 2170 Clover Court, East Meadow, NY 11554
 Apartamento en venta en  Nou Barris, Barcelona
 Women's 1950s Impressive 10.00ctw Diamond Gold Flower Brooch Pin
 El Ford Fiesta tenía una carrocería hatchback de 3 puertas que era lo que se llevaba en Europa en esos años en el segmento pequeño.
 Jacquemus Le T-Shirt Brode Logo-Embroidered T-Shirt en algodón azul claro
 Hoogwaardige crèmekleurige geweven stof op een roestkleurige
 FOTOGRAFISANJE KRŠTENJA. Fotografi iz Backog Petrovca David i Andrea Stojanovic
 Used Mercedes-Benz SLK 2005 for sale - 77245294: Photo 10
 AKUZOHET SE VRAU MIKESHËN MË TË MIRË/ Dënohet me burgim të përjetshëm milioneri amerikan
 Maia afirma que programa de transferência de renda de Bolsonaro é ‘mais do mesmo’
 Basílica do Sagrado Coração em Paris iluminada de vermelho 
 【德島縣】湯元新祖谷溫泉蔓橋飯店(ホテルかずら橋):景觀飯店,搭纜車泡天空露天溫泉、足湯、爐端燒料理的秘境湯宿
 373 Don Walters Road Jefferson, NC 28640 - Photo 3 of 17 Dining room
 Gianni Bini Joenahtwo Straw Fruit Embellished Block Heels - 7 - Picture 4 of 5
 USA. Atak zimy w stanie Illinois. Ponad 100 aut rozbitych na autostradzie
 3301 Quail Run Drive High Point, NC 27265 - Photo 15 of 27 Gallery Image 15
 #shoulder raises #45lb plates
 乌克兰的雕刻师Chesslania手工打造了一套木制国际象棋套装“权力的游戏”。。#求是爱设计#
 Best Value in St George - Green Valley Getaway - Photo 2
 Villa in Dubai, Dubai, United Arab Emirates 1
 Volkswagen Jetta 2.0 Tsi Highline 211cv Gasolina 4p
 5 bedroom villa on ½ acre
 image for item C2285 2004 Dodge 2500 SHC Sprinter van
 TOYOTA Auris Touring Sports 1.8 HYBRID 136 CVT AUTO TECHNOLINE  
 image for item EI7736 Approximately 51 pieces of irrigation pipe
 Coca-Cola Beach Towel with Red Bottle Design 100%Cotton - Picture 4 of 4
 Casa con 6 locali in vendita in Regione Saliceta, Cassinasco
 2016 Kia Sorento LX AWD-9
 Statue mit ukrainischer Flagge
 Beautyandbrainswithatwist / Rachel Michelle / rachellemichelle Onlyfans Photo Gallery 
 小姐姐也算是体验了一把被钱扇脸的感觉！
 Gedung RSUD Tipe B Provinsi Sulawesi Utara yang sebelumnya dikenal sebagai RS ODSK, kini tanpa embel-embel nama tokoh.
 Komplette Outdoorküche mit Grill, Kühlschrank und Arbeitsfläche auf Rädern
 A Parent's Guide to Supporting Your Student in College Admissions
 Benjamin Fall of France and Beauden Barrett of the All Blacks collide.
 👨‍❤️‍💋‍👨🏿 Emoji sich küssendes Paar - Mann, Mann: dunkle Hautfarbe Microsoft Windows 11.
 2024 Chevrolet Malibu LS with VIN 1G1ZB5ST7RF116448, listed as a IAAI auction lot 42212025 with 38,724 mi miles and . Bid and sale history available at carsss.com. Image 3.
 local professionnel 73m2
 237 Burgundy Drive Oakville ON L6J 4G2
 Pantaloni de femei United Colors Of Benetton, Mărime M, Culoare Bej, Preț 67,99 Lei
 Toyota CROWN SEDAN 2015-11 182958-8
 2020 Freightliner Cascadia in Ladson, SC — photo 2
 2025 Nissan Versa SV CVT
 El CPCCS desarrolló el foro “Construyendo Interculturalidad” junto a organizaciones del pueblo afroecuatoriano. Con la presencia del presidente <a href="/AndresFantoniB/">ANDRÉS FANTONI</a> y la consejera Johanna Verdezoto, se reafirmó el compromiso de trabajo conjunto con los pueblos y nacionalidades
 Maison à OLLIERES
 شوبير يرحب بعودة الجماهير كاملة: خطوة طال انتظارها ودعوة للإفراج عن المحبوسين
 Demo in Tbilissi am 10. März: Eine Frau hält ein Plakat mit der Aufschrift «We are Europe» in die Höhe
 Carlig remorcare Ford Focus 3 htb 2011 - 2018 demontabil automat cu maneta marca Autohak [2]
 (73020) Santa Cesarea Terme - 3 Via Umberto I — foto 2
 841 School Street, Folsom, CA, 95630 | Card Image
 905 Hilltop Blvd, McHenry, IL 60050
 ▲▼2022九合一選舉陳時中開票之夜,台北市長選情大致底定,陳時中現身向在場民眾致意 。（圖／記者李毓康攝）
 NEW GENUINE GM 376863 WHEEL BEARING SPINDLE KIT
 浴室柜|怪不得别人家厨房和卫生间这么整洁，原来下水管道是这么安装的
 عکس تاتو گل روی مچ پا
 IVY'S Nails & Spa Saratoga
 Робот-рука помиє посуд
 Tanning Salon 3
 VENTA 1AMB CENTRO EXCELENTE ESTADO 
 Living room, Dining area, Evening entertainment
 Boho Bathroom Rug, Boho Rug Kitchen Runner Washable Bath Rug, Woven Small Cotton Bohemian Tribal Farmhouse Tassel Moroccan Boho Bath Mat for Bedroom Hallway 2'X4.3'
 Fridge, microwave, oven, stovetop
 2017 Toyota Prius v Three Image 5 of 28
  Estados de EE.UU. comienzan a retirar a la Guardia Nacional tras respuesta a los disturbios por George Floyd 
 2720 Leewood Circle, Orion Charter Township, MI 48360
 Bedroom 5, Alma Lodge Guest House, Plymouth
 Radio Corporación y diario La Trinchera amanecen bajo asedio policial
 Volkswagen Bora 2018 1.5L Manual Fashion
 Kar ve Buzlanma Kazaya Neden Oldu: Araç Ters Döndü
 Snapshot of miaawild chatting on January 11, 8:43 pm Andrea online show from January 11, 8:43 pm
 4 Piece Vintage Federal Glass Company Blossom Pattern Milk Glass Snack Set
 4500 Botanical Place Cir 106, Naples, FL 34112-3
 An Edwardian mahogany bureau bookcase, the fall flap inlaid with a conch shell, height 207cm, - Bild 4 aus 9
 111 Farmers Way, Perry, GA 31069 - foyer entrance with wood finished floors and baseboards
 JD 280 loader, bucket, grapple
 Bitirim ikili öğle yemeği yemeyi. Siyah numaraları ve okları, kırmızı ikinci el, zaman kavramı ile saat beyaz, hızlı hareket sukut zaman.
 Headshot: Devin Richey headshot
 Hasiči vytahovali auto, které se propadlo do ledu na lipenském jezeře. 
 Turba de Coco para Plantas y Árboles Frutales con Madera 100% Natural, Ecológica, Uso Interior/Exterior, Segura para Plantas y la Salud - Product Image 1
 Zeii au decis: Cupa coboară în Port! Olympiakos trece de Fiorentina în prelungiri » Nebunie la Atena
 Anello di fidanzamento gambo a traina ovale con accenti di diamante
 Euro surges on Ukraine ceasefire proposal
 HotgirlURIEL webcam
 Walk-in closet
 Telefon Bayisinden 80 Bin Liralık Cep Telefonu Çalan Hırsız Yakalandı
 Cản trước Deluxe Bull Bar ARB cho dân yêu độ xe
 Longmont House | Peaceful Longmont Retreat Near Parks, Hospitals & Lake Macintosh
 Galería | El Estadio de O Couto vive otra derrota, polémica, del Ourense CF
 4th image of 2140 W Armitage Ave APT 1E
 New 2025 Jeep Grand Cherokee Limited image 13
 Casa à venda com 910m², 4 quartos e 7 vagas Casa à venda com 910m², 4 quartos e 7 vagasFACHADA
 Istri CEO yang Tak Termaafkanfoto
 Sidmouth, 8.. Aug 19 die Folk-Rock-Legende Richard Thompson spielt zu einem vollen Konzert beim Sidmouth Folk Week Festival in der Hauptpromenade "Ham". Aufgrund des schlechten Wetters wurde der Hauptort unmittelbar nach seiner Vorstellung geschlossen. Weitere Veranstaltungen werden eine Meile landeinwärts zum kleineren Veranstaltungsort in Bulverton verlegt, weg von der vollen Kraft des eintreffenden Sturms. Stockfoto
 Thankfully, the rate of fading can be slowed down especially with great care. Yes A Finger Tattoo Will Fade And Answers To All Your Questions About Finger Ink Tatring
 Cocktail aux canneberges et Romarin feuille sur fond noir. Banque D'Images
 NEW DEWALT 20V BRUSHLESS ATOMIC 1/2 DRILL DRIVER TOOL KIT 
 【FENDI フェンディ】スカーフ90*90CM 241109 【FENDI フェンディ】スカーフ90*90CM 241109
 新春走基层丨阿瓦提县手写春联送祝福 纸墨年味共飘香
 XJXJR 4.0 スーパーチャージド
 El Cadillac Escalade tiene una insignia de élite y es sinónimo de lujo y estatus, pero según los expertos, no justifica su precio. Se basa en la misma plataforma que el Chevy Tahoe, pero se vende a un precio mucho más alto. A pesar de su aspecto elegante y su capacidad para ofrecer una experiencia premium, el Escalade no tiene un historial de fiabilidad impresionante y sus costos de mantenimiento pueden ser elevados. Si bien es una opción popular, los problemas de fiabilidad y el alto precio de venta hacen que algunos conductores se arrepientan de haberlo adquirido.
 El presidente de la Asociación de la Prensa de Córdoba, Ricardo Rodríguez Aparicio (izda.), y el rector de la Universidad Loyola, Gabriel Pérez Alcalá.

### What you need to do
Copy the lines from the start of the data verbatim, stopping after the line containing "Komplette Outdoorküche mit".

### Solution below
 2170 Clover Court, East Meadow, NY 11554
 Apartamento en venta en  Nou Barris, Barcelona
 Women's 1950s Impressive 10.00ctw Diamond Gold Flower Brooch Pin
 El Ford Fiesta tenía una carrocería hatchback de 3 puertas que era lo que se llevaba en Europa en esos años en el segmento pequeño.
 Jacquemus Le T-Shirt Brode Logo-Embroidered T-Shirt en algodón azul claro
 Hoogwaardige crèmekleurige geweven stof op een roestkleurige
 FOTOGRAFISANJE KRŠTENJA. Fotografi iz Backog Petrovca David i Andrea Stojanovic
 Used Mercedes-Benz SLK 2005 for sale - 77245294: Photo 10
 AKUZOHET SE VRAU MIKESHËN MË TË MIRË/ Dënohet me burgim të përjetshëm milioneri amerikan
 Maia afirma que programa de transferência de renda de Bolsonaro é ‘mais do mesmo’
 Basílica do Sagrado Coração em Paris iluminada de vermelho 
 【德島縣】湯元新祖谷溫泉蔓橋飯店(ホテルかずら橋):景觀飯店,搭纜車泡天空露天溫泉、足湯、爐端燒料理的秘境湯宿
 373 Don Walters Road Jefferson, NC 28640 - Photo 3 of 17 Dining room
 Gianni Bini Joenahtwo Straw Fruit Embellished Block Heels - 7 - Picture 4 of 5
 USA. Atak zimy w stanie Illinois. Ponad 100 aut rozbitych na autostradzie
 3301 Quail Run Drive High Point, NC 27265 - Photo 15 of 27 Gallery Image 15
 #shoulder raises #45lb plates
 乌克兰的雕刻师Chesslania手工打造了一套木制国际象棋套装“权力的游戏”。。#求是爱设计#
 Best Value in St George - Green Valley Getaway - Photo 2
 Villa in Dubai, Dubai, United Arab Emirates 1
 Volkswagen Jetta 2.0 Tsi Highline 211cv Gasolina 4p
 5 bedroom villa on ½ acre
 image for item C2285 2004 Dodge 2500 SHC Sprinter van
 TOYOTA Auris Touring Sports 1.8 HYBRID 136 CVT AUTO TECHNOLINE  
 image for item EI7736 Approximately 51 pieces of irrigation pipe
 Coca-Cola Beach Towel with Red Bottle Design 100%Cotton - Picture 4 of 4
 Casa con 6 locali in vendita in Regione Saliceta, Cassinasco
 2016 Kia Sorento LX AWD-9
 Statue mit ukrainischer Flagge
 Beautyandbrainswithatwist / Rachel Michelle / rachellemichelle Onlyfans Photo Gallery 
 小姐姐也算是体验了一把被钱扇脸的感觉！
 Gedung RSUD Tipe B Provinsi Sulawesi Utara yang sebelumnya dikenal sebagai RS ODSK, kini tanpa embel-embel nama tokoh.
 Komplette Outdoorküche mit Grill, Kühlschrank und Arbeitsfläche auf Rädern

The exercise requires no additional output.